The answer must be an exact copy of the lines from the one containing "Bandana - Shaka Latte" through the last line of the records, with no pictures.
=== Begin Enclosure ===
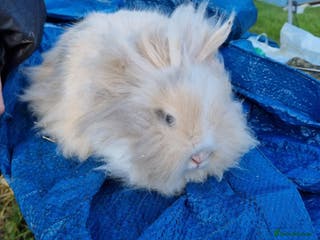 Lionhead rabbits 10 week old lionhead rabbits - Advert 10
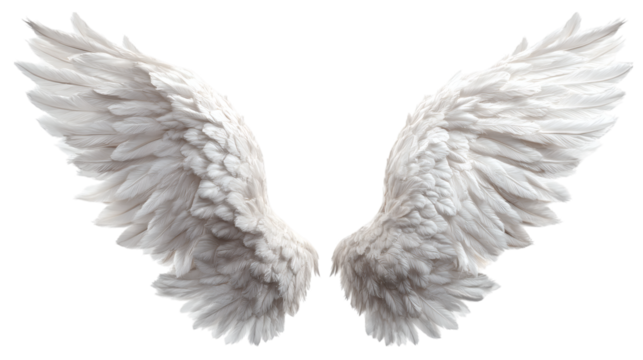 Realistic angel wings in white feathery form, fantasy concept, isolated on transparent 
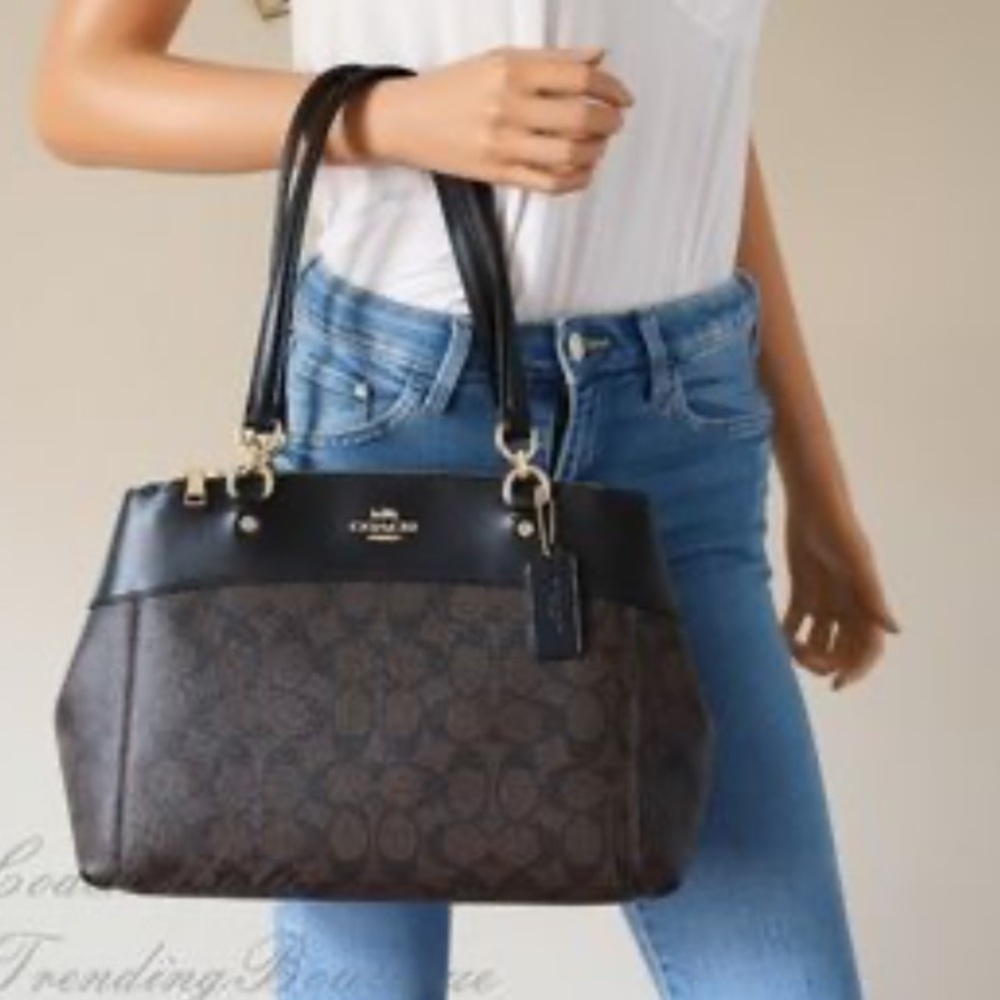 EUC Coach Brook Carryall Brown Black Signature F26140 tote bag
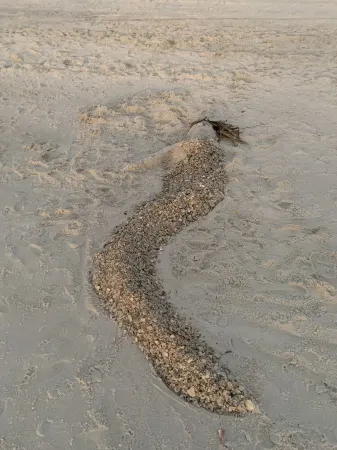 Great Rates for Pet Friendly, Gulf Front, North Cape Beach Paradise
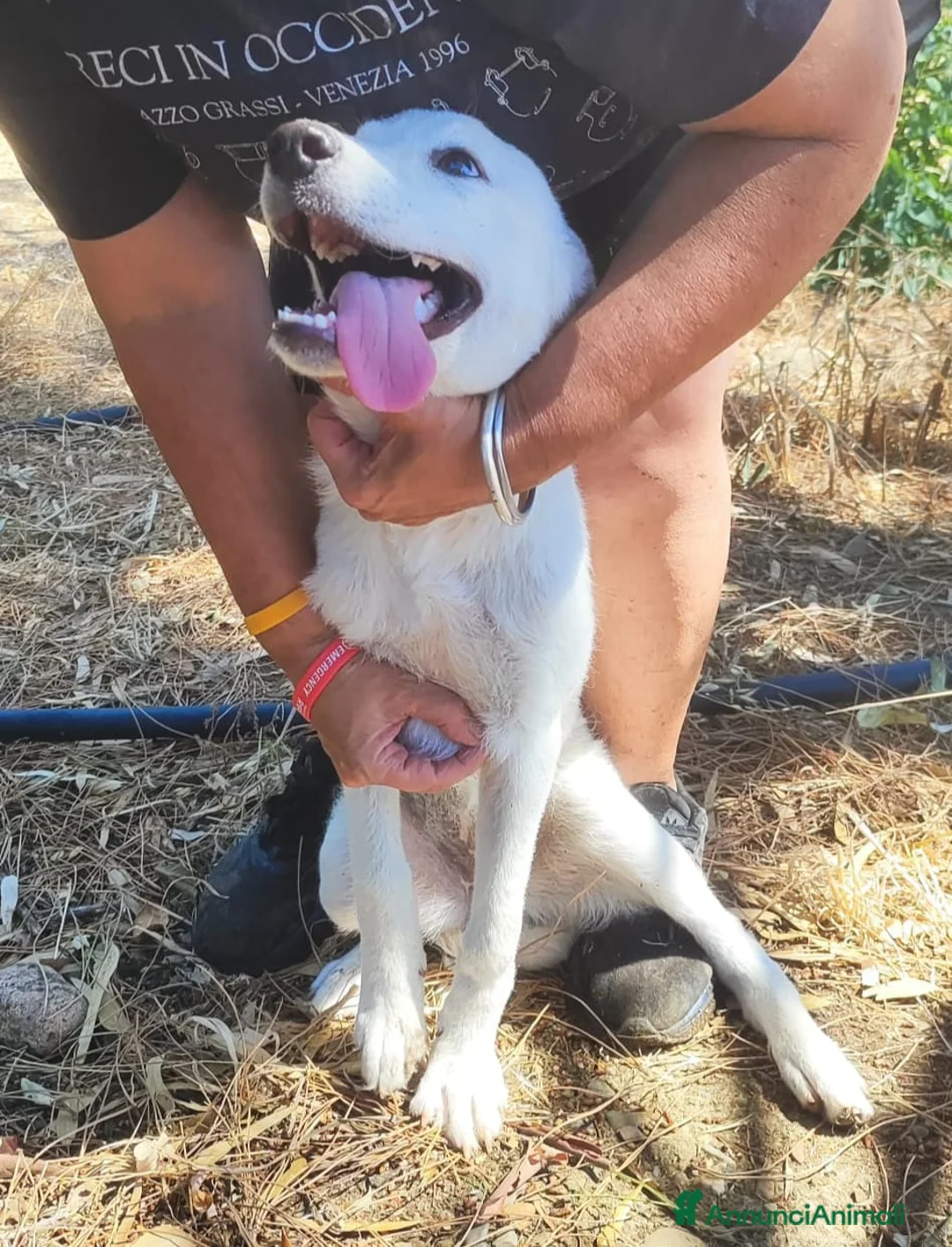 Meticcio cani in regalo: 3FEMMINE 5MESI SPLENDIDE,IN PERICOLO! SOS CAGLIARI - Annuncio 10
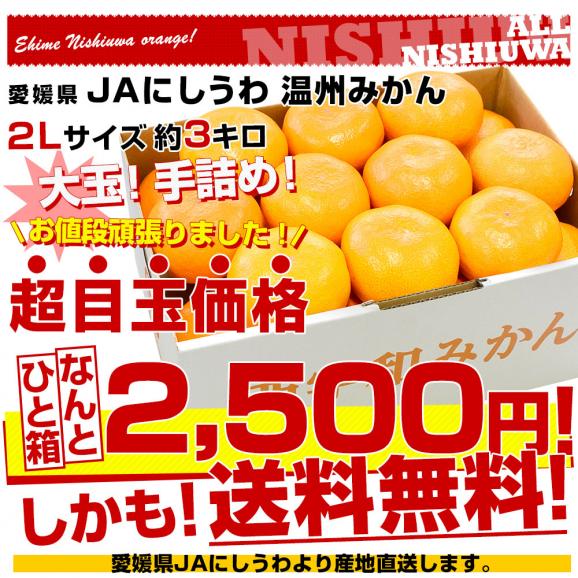 愛媛県より産地直送 JAにしうわ 西宇和温州みかん 2Lサイズ 約3キロ　送料無料 みかん ミカン 蜜柑03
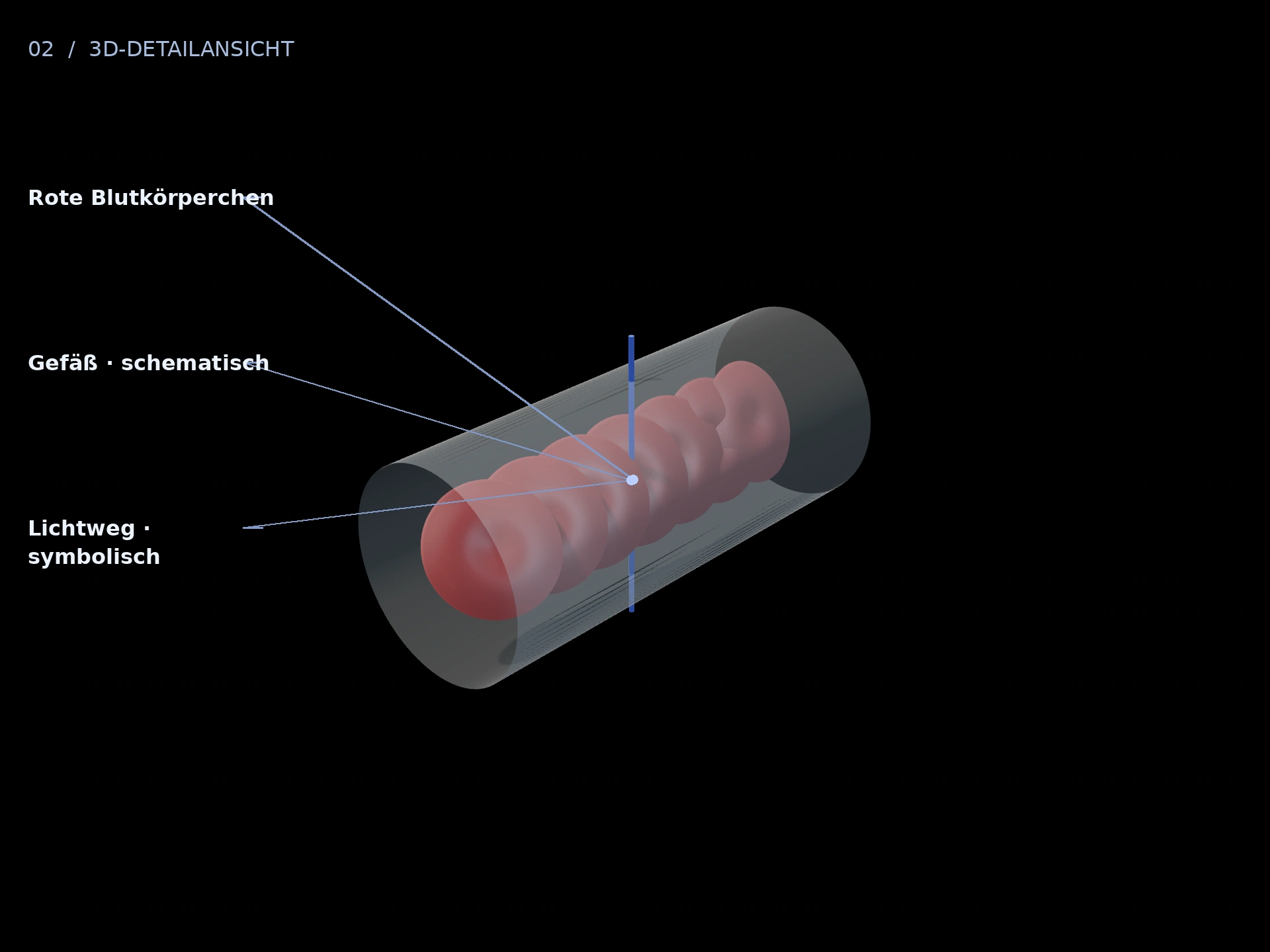 Blutkörperchen: beschriftete 3D-Ansicht mit Gefäß · schematisch, Rote Blutkörperchen, Lichtweg · symbolisch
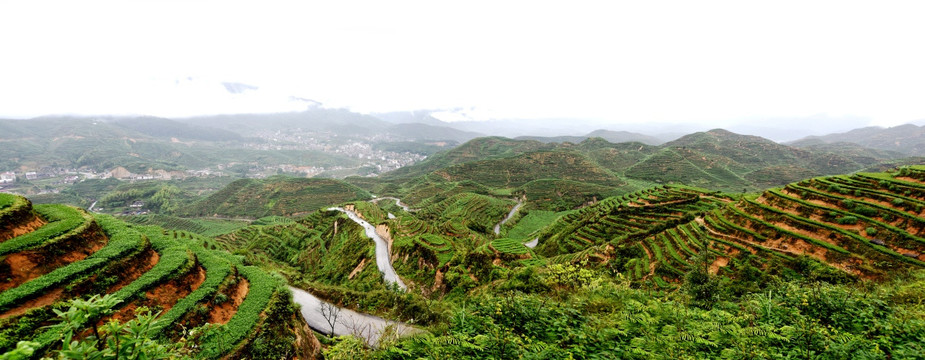 铁观音高山茶山同发山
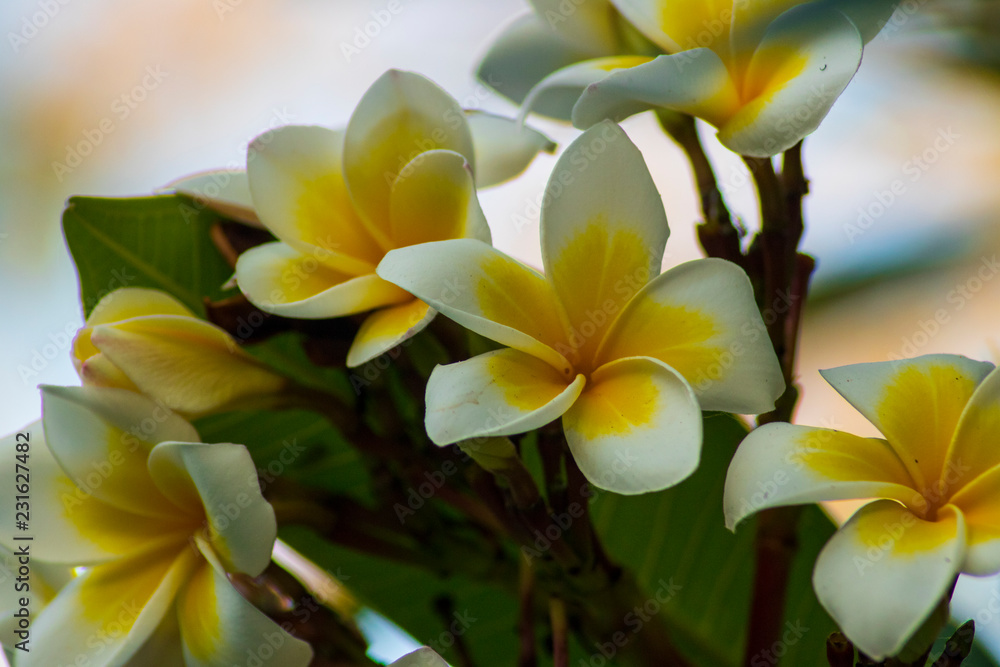 beautiful frangipani plumeria flower beautiful frangipani plumeria flower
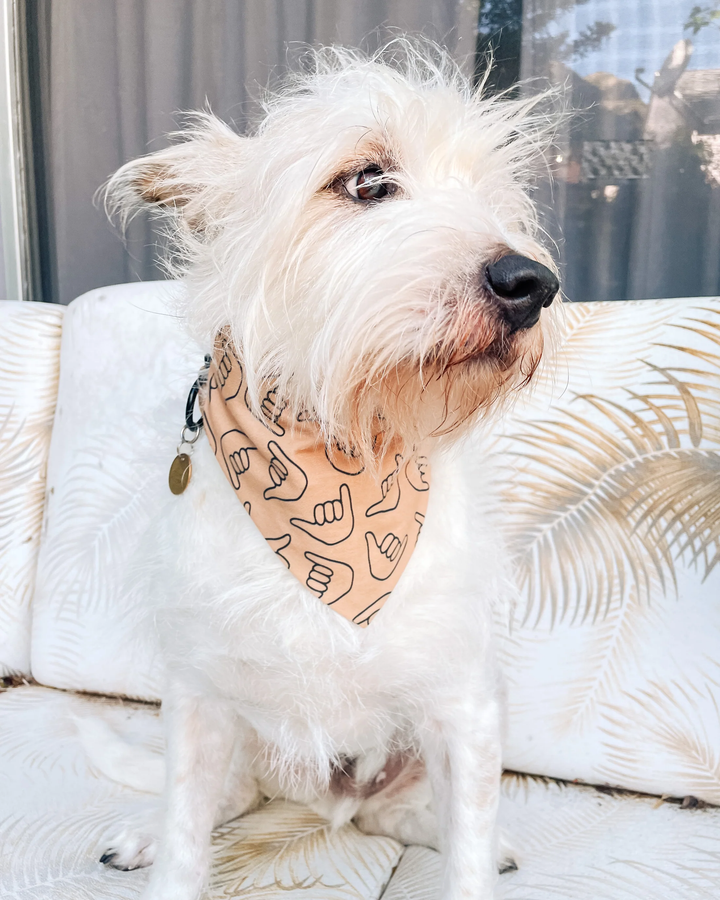 Bandana - Shaka Latte
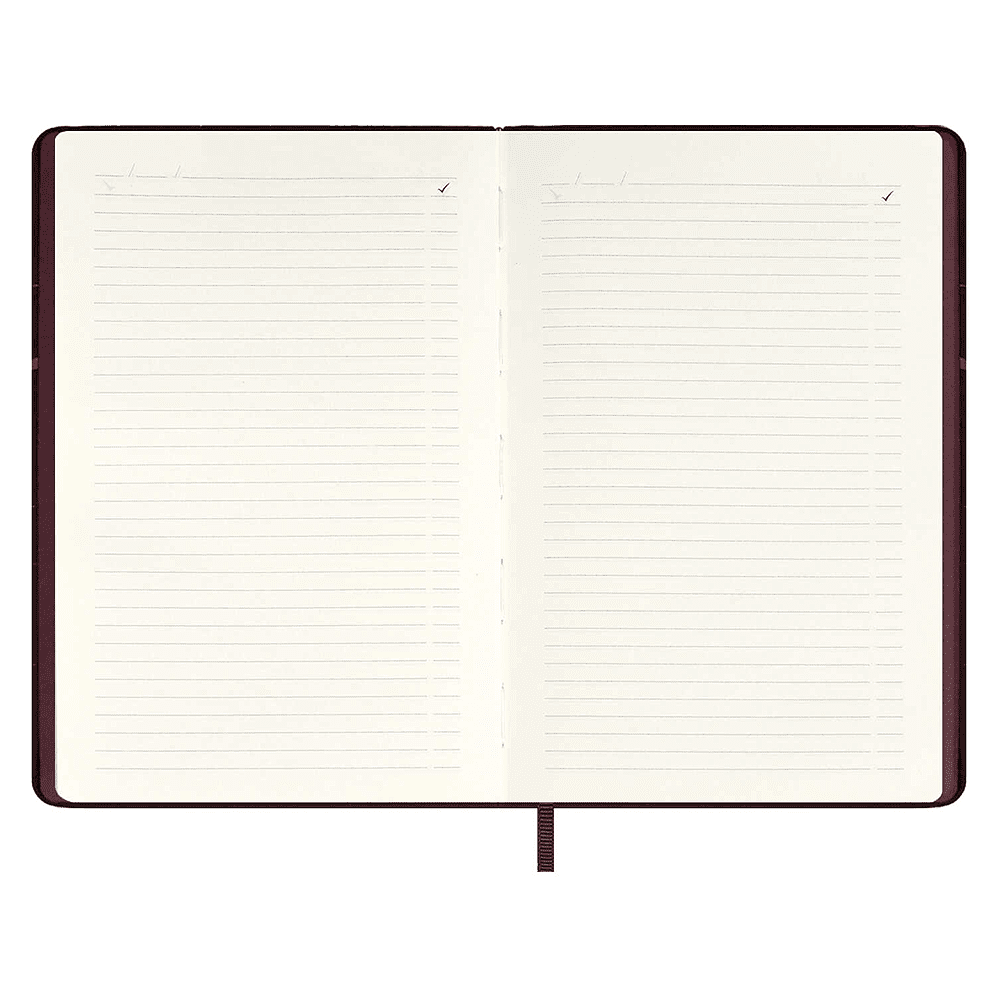 Ежедневник недатированный "Софт-тач", А5, 240 страниц, бордовый - 10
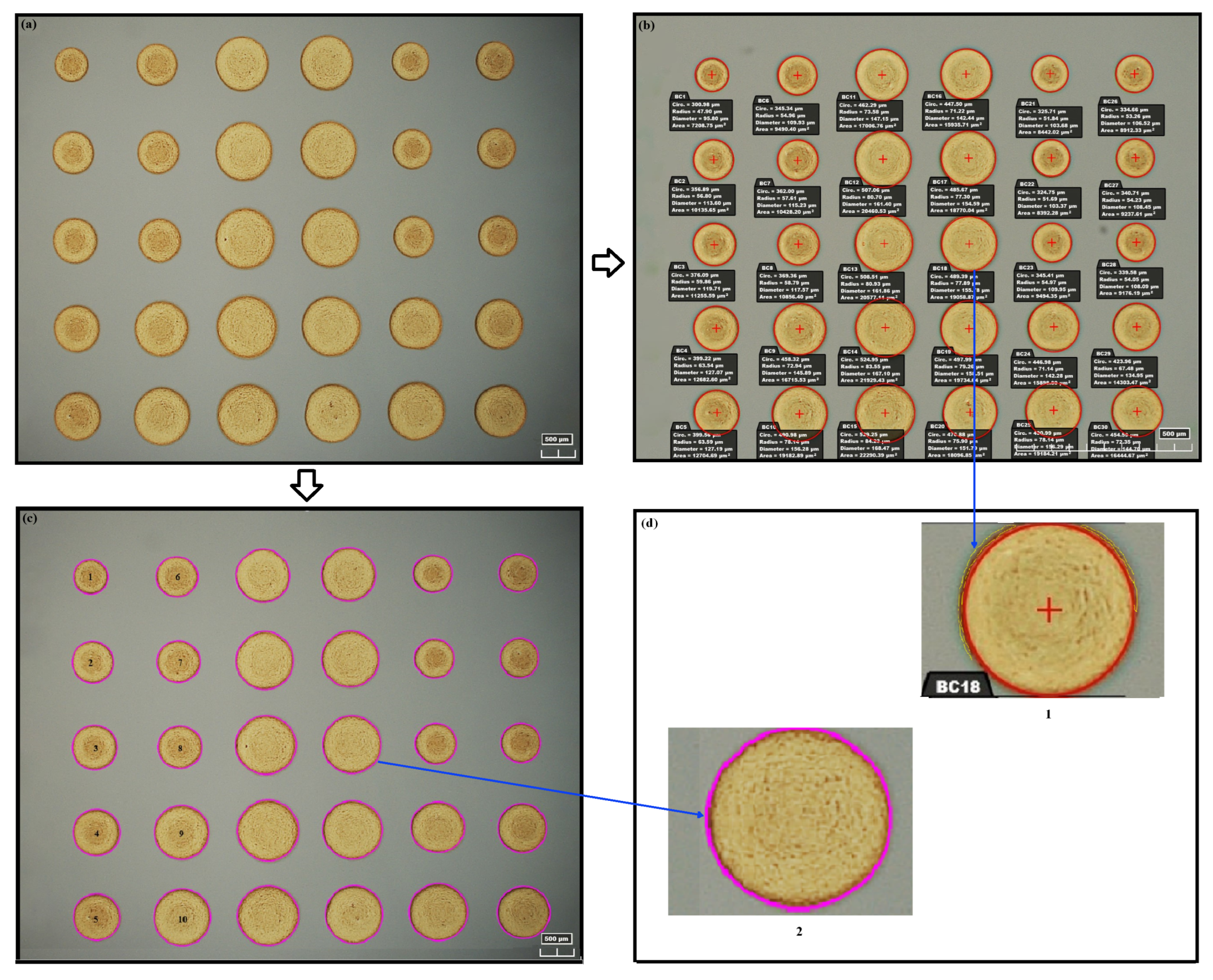 Micromachines 15 01376 g006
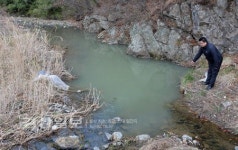 [현장&이슈]공사장서 넘친 흙탕물에 1급수 정자천 오염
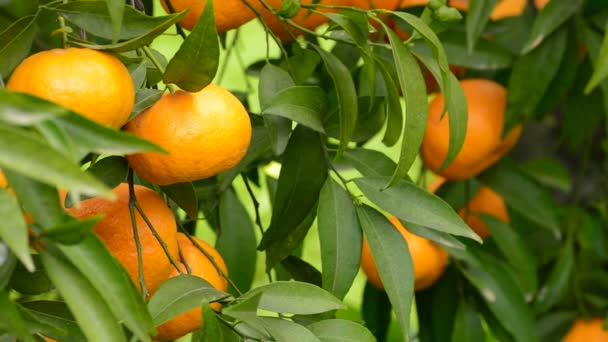 Mandarinen hängen an einem sonnigen Tag im Ast eines Baumes — Stockvideo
=== End Enclosure ===
SOLVED EXERCISE -
 Bandana - Shaka Latte
 Ежедневник недатированный "Софт-тач", А5, 240 страниц, бордовый - 10
 Micromachines 15 01376 g006
 [현장&이슈]공사장서 넘친 흙탕물에 1급수 정자천 오염
 Mandarinen hängen an einem sonnigen Tag im Ast eines Baumes — Stockvideo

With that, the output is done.